Starting with a blank sheet of paper we broke the project into (4) phases:
- In-depth mapping of the company’s operations, opportunities and challenges through workshops and one-to-one interviews with x-functional key stakeholders as well as review of all relevant documentation.
- Creation of more independent data following our own desktop research.
Definition of use cases. Using a rich, yet raw bundle of insights, the crucial part of the whole project was in extracting meaning from it using our data analytics experience to xxx insight and define use case:
- Failure management. - Precise knowledge of estimated operating life of machineries in the grid, allowing upgrades and maintenance with a higher level of accuracy.
- More effective investment management through fraud detection.
- Prediction of changes in the grid caused by the upcoming technological and capacity needs.
For each use case we assessed its implementation demands (tailored to current situation of the company) and its potential return on investment.
Based on these outputs, ZSD was able to prioritize the use cases.

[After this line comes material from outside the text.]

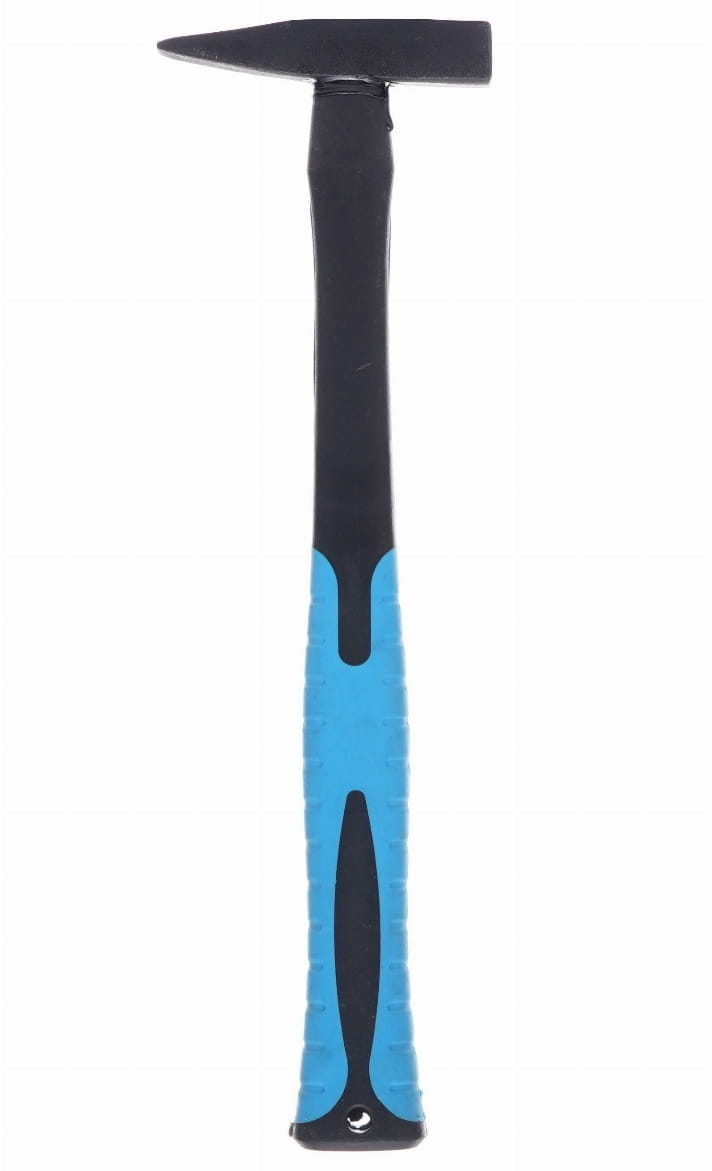 Kraft&Dele KD231 – detail fiberglass topůrka s protiskluzovou vrstvou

Design of a technical solution for big data analysis tailored to company’s situation, choosing existing and proven services with focus on flexibility and scalability, instead of heavy upfront investment in the creation of new in house architecture.
With this architecture, the company can test data analytics on a particular use case and with low initial costs for near instant return on investment.

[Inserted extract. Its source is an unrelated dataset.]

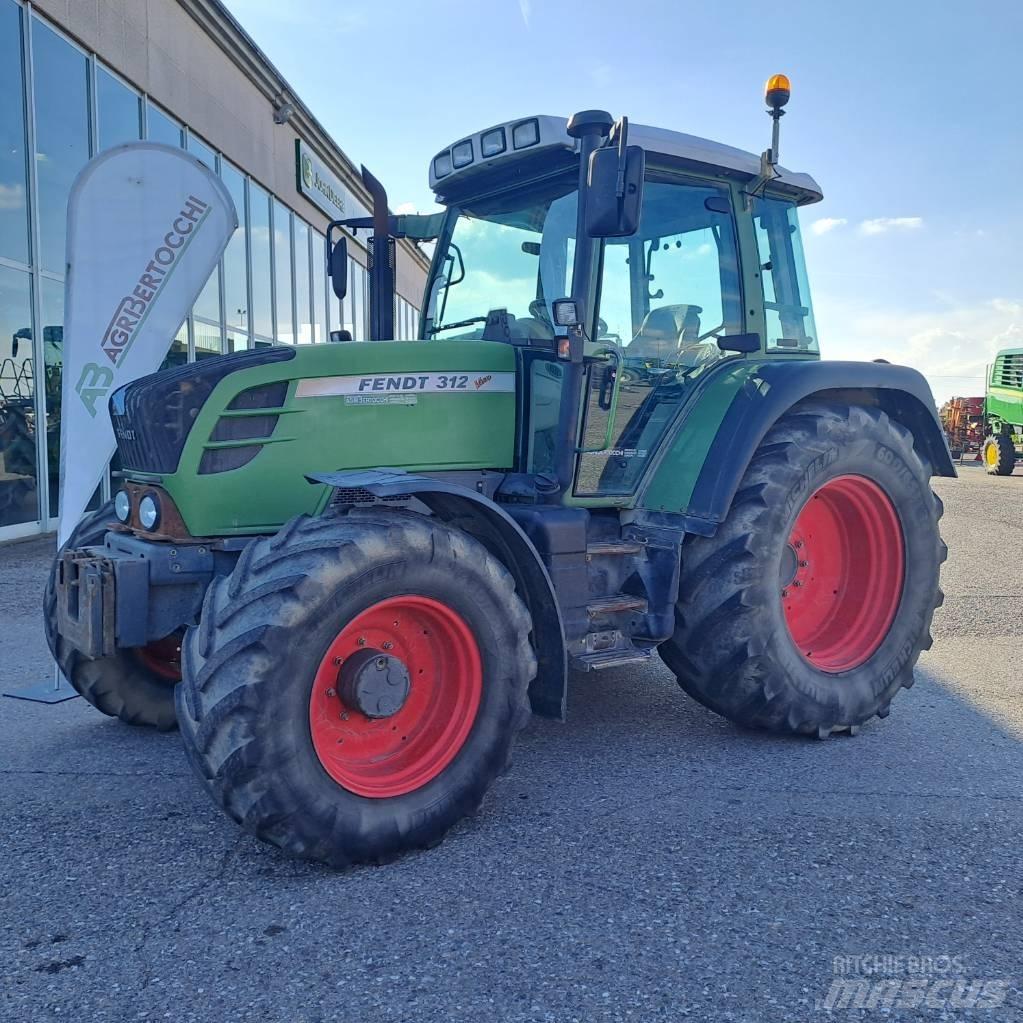 Fendt 312 Vario Τρακτέρ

More use cases, more data and more predictive models can be added later which makes the implementation reasonable and sustainable in long terms.
Start small, think big.
Creation of a simple live demo, leveraging various types of publicly available data, that demonstrated the principle of our solution in the context of ZSD and they needs.

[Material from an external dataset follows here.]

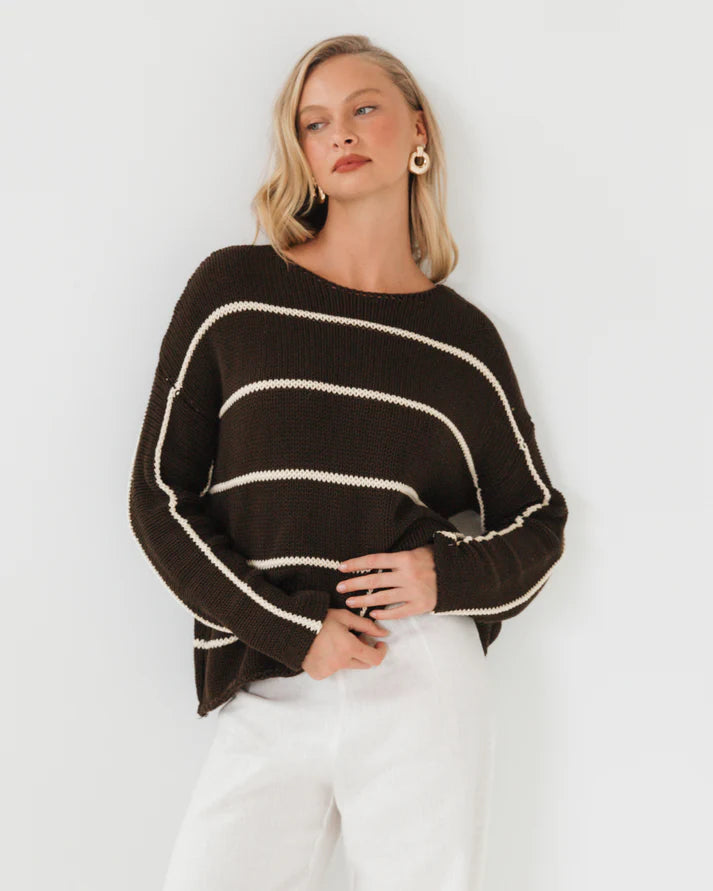 White Closet - Jasmine Knit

The demo helped to convince key stakeholders in the company, that with the right tools a functional and user-friendly data analytics solution can be delivered within few weeks.
As an „extra mile“ activity, we helped one team to solve their particular needs with a quick win solution, creating internal ambassadors of using the data for the business purposes.
What we defined as a generic use cases on the company level, then fragmented into smaller parts and found almost immediate use.